Natural Gas Services Group (NGS) will slash capital expenditures about 75% this year due to the collapse in industry activity and the COVID-19 pandemic.

“There is little doubt that we are operating in an environment with significant headwinds and an unprecedented level of uncertainty,” said Stephen Taylor, NGS president and CEO. “Never my four decades in the oilfield have I seen such a violent decline in price and oilfield activities like in the last month.

“It is obvious at this point that nobody’s crystal ball is clear,” he said. “And they are likely to remain blurred for the next several weeks and potentially months.”

The Midland, Texas-based company manufactures compressors and also operates a rental fleet. Its largest customer, Occidental Petroleum, represents 36% of its revenues. Oxy has announced a 50% cut in its 2020 capex.

NGS predicted the utilization of its small and medium horsepower units would decline the rest the year and its new compressor sales would be minimal.

“We expect to continue to experience pricing pressure from our customers and competitors until industry and economic conditions improve.
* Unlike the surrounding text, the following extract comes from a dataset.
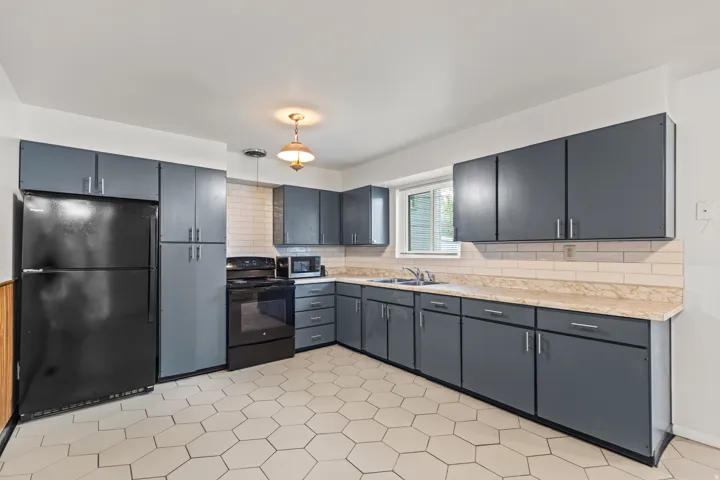 Kitchen featuring hexagonal floor tiles, gray cabinetry with silver hardware, a black appliance suite, light-colored countertops, and a subway tile backsplash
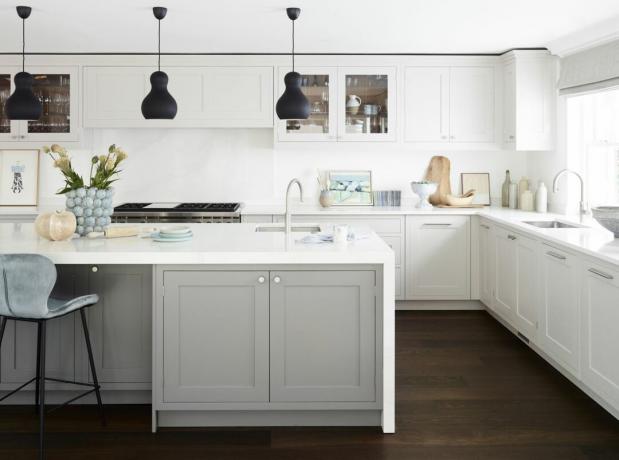 cozinha branca com luzes pendentes pretas, ilha de cozinha cinza, piso de madeira escura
We are currently experiencing no issues with potential workforce and supply chain disruptions,” NGS said.

The company reported a fourth quarter 2019 net loss of US$1.7 million, compared to a loss of US$749,000 for the comparative period in 2018. Earnings before interest, taxes, depreciation and amortization were flat at US$5.2 million.

As of Dec. 31, NGS had a rental fleet of 2304 compressors totaling 429,650 hp (320 MW). Of those, 1419 units with 300,000 hp (171 MW) were rented to 95 customers, a 61% utilization rate. It added 82 units totaling 74,000 hp (55 MW) during 2019 but also retired 327 units totaling 40,000 hp (30 MW) for a loss of US$1.5 million.